Women will now be eligible to join the Navy SEALs, Army Special Forces and other Special Operations Units. It also opens the Marine Corps infantry, a battle-hardened force that many service officials had openly advocated keeping closed to female service members.

“There will be no exceptions,” Carter said. “This means that, as long as they qualify and meet the standards, women will now be able to contribute to our mission in ways they could not before.”

Carter’s announcement caps three years of experimentation at the Pentagon and breakthroughs for women in the armed services. Earlier this year, two female soldiers became the first women to ever graduate from the Army’s grueling Ranger School. But the Pentagon’s project also set off a bitter debate about how women should be integrated.

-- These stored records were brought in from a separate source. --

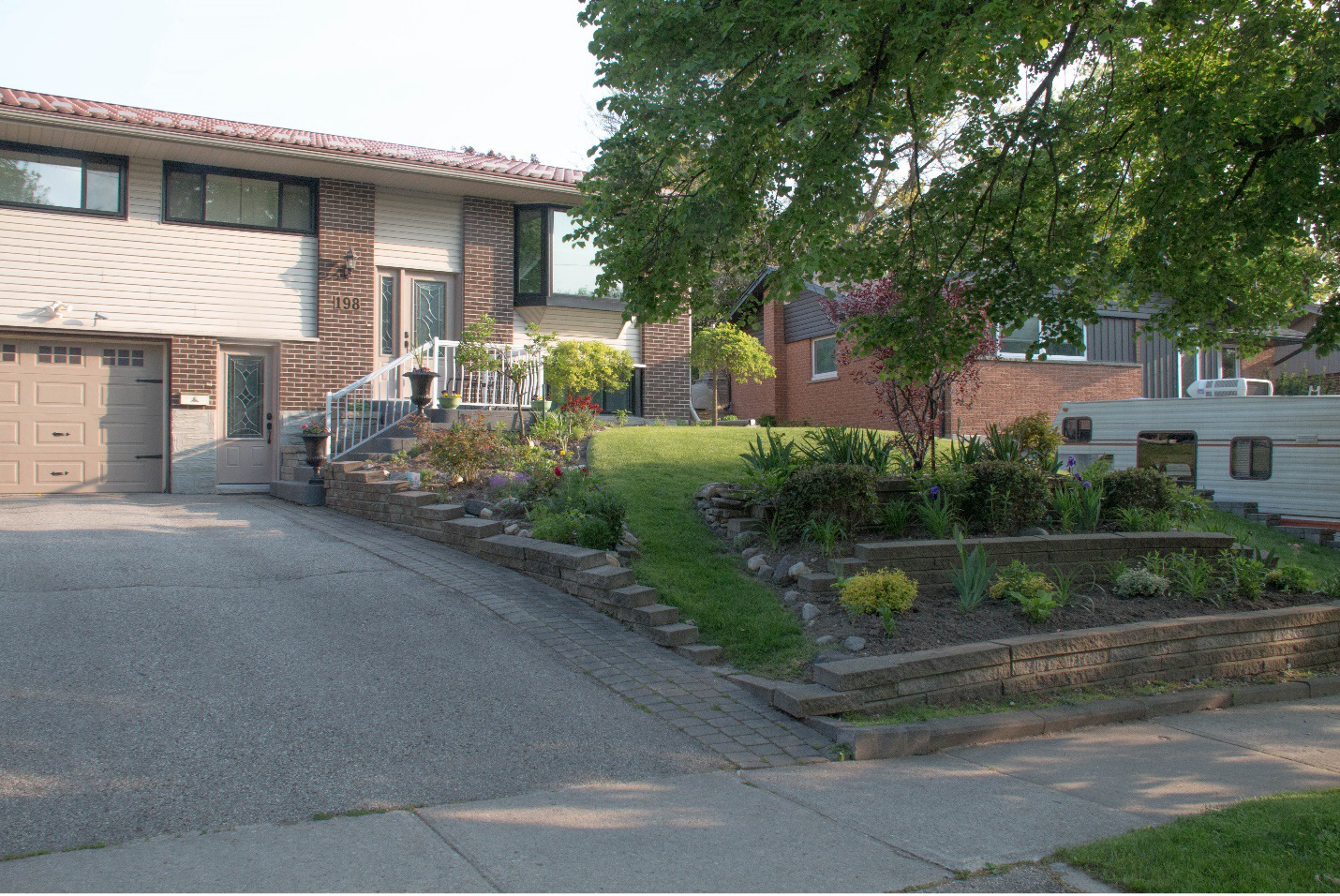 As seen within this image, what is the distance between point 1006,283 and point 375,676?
622 cm

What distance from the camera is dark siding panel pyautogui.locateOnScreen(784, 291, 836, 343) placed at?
23188 mm

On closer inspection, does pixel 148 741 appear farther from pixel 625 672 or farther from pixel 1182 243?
pixel 1182 243

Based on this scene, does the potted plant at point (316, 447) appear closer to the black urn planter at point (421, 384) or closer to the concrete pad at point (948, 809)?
the black urn planter at point (421, 384)

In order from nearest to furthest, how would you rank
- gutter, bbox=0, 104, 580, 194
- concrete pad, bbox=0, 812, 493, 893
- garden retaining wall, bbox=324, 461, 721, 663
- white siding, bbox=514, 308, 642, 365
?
1. concrete pad, bbox=0, 812, 493, 893
2. garden retaining wall, bbox=324, 461, 721, 663
3. gutter, bbox=0, 104, 580, 194
4. white siding, bbox=514, 308, 642, 365

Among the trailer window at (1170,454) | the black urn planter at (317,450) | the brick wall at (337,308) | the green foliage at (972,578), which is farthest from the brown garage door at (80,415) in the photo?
the trailer window at (1170,454)

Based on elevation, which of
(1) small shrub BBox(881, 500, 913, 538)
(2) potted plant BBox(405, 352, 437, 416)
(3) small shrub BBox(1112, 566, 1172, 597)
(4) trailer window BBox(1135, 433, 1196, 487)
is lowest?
(3) small shrub BBox(1112, 566, 1172, 597)

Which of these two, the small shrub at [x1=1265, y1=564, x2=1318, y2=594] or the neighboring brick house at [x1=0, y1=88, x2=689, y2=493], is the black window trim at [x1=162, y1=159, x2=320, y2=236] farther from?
the small shrub at [x1=1265, y1=564, x2=1318, y2=594]

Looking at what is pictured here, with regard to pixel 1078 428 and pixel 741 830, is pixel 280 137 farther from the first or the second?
pixel 741 830

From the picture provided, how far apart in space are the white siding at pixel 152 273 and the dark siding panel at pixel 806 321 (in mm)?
12169

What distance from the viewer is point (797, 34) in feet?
22.5

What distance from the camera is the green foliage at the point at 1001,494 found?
8.57 m

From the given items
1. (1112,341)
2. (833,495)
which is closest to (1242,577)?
(833,495)

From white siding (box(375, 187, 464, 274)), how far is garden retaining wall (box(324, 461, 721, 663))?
5379 millimetres

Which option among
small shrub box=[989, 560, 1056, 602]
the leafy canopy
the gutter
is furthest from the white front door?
small shrub box=[989, 560, 1056, 602] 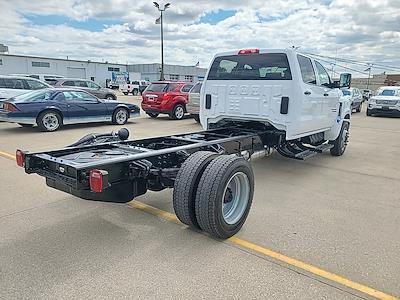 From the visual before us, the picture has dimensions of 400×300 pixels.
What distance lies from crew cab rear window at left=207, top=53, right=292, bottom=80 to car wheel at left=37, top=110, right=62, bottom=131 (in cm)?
630

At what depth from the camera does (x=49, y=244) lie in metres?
3.42

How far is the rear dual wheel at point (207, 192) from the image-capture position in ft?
11.0

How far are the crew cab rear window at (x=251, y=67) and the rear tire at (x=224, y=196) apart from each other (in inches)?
101

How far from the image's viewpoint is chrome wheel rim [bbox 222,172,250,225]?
376 centimetres

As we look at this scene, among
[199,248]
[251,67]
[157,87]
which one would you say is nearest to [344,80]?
[251,67]

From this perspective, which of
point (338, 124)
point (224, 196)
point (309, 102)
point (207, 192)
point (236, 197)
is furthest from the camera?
point (338, 124)

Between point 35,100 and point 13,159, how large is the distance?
398 cm

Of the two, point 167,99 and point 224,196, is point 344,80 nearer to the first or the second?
point 224,196

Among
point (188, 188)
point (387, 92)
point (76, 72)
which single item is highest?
point (76, 72)

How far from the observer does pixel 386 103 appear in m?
19.4

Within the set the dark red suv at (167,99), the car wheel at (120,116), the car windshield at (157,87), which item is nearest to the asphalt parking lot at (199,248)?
the car wheel at (120,116)

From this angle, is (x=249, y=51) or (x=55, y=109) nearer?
(x=249, y=51)

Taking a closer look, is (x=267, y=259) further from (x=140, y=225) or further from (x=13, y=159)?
(x=13, y=159)

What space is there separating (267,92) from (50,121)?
760 cm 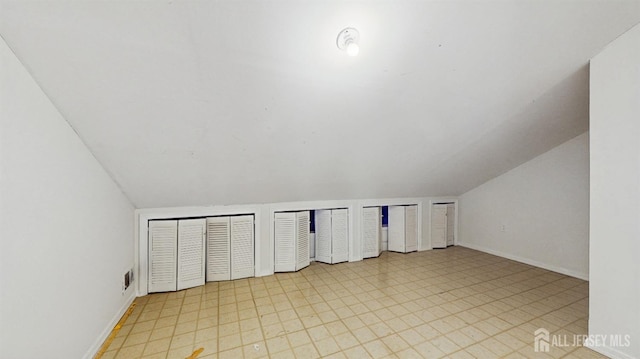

Carter said that top leaders in the Army, Navy, Air Force and U.S. Special Operations Command all recommended that all jobs be opened to women. The Marine Corps recommended that certain jobs such as machine gunner be kept closed, but the secretary said that the military is a joint force, and his decision will apply to everyone. The top Marine officer who made that recommendation, Gen. Joseph F. Dunford, became chairman of the Joint Chiefs of Staff in September, and did not appear alongside Carter on Thursday.

The services will have 30 days to provide plans to Carter on how they will implement the policy change, he said. By law, the military also must notify Congress formally and wait that long before making any changes.

The roots of the secretary’s decision date back to January 2013, when then-Defense Secretary Leon Panetta announced he was rescinding a longtime ban on women serving directly in ground combat units. Panetta gave the services until this fall to research the issue.

About 220,000 jobs, or about 10 percent, of the military remained closed to women before Thursday’s announcement, Carter said. Another 110,000 jobs in careers like artillery officer were opened in a series of decisions since 2013.